Your goal: Return a copy of every line in the records that includes the word "using".

Dataset content:
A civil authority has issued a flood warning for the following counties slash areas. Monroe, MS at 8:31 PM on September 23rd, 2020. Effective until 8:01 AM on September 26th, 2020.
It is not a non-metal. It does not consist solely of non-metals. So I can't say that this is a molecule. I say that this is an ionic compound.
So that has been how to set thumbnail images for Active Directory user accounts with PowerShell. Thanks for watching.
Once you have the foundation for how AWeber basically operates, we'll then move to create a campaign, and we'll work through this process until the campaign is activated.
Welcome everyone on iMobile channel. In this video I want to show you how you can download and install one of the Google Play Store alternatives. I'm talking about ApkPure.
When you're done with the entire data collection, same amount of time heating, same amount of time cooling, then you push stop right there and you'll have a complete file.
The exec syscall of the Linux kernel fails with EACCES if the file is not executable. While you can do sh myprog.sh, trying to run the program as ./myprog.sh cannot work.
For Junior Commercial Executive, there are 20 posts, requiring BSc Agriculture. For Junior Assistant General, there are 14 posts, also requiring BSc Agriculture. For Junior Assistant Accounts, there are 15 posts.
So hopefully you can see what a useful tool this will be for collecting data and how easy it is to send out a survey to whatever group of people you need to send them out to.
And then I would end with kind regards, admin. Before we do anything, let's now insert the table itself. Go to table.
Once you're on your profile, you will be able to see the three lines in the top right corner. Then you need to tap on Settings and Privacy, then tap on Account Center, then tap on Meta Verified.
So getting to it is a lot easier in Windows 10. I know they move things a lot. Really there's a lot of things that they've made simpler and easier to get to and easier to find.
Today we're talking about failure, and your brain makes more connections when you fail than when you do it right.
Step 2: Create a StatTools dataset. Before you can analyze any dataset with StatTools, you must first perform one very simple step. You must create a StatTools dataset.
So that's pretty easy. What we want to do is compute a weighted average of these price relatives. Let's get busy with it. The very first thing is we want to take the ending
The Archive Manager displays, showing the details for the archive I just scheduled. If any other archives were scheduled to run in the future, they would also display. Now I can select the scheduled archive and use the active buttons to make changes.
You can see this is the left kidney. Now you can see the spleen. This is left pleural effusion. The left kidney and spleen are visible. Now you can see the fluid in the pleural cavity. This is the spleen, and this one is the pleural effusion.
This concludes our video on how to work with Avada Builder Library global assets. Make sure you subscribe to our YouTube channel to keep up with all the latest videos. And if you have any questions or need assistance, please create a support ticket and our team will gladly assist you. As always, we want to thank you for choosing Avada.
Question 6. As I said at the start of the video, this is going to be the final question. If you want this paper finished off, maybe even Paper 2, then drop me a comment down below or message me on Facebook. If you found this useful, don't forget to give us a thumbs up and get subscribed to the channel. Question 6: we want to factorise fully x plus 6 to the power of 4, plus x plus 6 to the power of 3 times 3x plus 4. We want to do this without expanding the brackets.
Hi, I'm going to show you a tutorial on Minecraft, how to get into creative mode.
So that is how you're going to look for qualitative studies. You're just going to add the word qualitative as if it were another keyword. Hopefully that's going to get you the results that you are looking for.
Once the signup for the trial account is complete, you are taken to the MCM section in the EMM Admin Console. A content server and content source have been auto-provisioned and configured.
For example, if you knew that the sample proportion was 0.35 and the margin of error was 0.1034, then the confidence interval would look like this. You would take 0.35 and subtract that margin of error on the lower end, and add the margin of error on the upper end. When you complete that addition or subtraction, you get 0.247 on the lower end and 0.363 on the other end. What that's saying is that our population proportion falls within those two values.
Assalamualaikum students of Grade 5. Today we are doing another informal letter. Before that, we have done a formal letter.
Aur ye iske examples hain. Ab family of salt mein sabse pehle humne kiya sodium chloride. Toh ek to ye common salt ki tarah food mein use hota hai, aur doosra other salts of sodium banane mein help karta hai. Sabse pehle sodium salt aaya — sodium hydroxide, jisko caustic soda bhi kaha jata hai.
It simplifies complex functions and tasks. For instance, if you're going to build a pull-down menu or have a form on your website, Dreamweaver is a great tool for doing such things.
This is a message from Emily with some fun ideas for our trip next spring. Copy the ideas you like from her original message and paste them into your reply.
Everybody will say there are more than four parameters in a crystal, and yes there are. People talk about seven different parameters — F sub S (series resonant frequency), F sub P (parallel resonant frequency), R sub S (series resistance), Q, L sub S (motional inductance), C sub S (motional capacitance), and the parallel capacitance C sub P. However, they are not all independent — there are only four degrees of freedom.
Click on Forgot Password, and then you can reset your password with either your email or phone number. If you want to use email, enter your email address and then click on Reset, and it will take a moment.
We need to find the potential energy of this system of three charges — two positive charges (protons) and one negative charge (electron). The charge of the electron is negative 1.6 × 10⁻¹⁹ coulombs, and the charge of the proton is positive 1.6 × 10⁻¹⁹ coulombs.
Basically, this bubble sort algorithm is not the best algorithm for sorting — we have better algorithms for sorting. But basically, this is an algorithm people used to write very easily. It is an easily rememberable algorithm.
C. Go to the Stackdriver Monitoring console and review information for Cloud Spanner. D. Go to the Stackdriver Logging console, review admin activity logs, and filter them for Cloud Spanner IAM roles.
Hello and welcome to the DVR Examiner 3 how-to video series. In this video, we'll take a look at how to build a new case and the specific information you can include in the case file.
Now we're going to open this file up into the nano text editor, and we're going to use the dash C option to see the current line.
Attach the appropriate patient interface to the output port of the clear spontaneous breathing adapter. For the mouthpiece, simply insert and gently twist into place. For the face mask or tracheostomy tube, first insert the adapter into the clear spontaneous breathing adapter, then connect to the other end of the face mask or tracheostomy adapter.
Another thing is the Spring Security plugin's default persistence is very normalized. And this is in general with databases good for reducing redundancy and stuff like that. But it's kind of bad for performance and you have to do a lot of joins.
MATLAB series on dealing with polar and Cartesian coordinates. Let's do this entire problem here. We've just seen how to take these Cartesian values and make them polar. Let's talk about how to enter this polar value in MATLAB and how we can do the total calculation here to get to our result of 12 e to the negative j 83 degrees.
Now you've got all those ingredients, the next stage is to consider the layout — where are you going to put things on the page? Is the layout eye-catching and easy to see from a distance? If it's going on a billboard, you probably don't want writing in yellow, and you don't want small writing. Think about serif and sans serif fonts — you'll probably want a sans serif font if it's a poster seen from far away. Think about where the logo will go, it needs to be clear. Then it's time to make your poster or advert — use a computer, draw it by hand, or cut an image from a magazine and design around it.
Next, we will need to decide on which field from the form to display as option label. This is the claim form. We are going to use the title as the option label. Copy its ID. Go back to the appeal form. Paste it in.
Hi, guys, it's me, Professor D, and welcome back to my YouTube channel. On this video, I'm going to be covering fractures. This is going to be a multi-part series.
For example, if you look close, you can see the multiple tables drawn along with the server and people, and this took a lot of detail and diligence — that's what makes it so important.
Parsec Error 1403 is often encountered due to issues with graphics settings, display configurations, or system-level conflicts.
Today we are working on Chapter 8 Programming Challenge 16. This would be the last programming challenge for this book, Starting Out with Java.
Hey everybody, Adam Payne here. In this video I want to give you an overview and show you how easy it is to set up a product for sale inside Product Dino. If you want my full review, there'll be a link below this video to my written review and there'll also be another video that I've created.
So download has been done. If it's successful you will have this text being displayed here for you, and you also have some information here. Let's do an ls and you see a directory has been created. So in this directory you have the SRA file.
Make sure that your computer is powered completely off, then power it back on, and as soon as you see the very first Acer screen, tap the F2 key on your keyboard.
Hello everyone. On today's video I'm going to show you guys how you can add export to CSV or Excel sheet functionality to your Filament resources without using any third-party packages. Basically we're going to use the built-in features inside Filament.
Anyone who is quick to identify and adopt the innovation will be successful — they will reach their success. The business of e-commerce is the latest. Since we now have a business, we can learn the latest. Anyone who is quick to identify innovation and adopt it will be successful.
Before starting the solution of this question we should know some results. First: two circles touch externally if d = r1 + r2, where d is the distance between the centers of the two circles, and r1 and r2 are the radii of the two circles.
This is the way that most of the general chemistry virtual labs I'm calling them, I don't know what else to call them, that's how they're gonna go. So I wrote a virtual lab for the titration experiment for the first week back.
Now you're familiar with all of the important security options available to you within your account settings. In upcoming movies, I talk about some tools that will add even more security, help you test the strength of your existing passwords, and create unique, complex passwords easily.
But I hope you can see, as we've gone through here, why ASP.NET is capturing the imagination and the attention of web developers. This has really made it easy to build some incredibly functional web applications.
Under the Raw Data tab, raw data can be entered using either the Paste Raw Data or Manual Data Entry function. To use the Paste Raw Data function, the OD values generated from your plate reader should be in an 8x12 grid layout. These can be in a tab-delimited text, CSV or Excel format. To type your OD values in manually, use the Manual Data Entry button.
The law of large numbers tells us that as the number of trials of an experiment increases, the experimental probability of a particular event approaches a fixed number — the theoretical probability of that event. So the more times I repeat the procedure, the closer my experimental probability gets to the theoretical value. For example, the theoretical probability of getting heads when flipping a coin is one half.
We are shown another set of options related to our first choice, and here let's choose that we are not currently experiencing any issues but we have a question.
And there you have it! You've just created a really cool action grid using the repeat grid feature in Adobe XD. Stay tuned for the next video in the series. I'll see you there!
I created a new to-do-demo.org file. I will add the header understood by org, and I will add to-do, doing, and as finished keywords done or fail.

Output:
Hello everyone. On today's video I'm going to show you guys how you can add export to CSV or Excel sheet functionality to your Filament resources without using any third-party packages. Basically we're going to use the built-in features inside Filament.
Under the Raw Data tab, raw data can be entered using either the Paste Raw Data or Manual Data Entry function. To use the Paste Raw Data function, the OD values generated from your plate reader should be in an 8x12 grid layout. These can be in a tab-delimited text, CSV or Excel format. To type your OD values in manually, use the Manual Data Entry button.
And there you have it! You've just created a really cool action grid using the repeat grid feature in Adobe XD. Stay tuned for the next video in the series. I'll see you there!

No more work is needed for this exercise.